Recently there was a post out on a blog I read on technet asking "to social network or not" and I'd like to take this a step further. There's no manual on -how-, much less a -right/wrong- way of social networking, but consider this a loose guidelines. Why? I'm seeing two groups, right now, using social networking. One is doing it right, the other, very wrong. Just my opinion, but hear me out.
As I stated with my response to the technet blog, I've been finding very little or no value in myspace, linkedin and facebook. I might even take the leap and say facebook and myspace after you are done with highschool/college are effectively worthless. LinkedIn can have value, but only in certain circles at certain times. I contriube this to one flaw: they lack -instant- communication. Instant Messaging (duh) provides this, BUT there's a knee-jerk "who are you" response if you message someone you don't know, but want something from. Regardless if that something is advice or a date, the inital reaction is more or less the same. I blame spammers for this mostly.
Many people, mostly non-nerdy people ask "what is twitter for?". It's the benefits of instant-ish messaging, without the invasiveness. If you post something up to a friend, and that persons friend sees it, they can look at what you've posted, see the things you talk about/cover and decide to follow you. You don't have to follow them if you don't want, and vice versa, so its a nice blend.
Now, onto the "right" and the "wrong". Some organizations have seen this as a useful tool, a way to contact/connect with people they normally wouldn't in a way thats virtually 0 cost and doesn't have to be work related. I won't name names, but there's two in particular, that are in the same business, if you're in the central ohio area, you know these places, maybe even their employees by name, but one is doing it right, the other is doing it wrong -- here's my humble opinion as to why. Interactiveness. It can get into a fuzzy area and let me use an example of non-interactiveness thats the "right way" to help explain this.
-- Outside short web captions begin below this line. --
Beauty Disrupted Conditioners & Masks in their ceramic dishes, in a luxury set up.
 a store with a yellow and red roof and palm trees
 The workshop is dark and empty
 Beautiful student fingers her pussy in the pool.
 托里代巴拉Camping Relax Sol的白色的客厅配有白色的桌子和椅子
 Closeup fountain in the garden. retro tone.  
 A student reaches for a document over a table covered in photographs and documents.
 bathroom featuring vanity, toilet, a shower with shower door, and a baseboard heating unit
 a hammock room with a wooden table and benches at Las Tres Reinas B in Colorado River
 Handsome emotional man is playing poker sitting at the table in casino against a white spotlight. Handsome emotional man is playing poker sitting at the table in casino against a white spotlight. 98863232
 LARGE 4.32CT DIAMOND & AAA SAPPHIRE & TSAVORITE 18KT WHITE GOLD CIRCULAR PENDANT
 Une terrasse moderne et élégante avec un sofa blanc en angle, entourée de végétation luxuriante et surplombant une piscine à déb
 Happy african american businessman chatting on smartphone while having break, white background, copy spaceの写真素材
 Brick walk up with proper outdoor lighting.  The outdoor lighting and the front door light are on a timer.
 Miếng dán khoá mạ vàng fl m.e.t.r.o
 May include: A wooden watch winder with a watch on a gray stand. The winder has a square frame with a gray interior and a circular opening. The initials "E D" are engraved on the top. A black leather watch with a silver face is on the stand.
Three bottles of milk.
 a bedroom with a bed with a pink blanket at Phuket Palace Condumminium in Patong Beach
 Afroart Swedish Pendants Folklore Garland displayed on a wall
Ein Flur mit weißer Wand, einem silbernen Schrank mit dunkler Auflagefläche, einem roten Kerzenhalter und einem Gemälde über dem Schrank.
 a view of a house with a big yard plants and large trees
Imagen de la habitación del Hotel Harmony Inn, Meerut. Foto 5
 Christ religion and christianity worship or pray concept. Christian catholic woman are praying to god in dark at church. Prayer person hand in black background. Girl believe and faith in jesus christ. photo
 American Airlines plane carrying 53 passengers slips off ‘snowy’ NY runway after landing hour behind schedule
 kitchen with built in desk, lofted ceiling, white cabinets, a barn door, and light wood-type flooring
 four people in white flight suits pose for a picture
Did you know the Mars Pheonix is on twitter? Usually you get these updates before the media does, which is cool. Now, notice it is NOT following anyone, at all. This makes sense. The purpose is to send out updates to people, not to recieve them, a media outlet if you will. Why would it? So this is a good example of "non-interactive" social networking and a special case, since well, they're on mars, I'm not.
Moving back to "right"/"wrong" and that interactiveness - ideally that's what you manifest: conversations, discussions, community, dialog, whatever you want to call it. Even simple responses of "hey thanks, its nice to see blah blah", something, ANYTHING is better than totally ignoring it. If you refuse to do this, I say you're doing it wrong, otherwise whats the point of using a SOCIAL networking service of any kind? It's -social-, not clique-networking. One of them is kind of a clique, a silo. Sure, they're there, but they don't follow the average joe (like me), they don't respond to you, they don't do much but talk among themselves, you ain't part of the cool kids crowd ...the other does on every level. They follow you, message back to you, ask questions "to the world" and take those responses and make them useful to themselves. They are doing it right.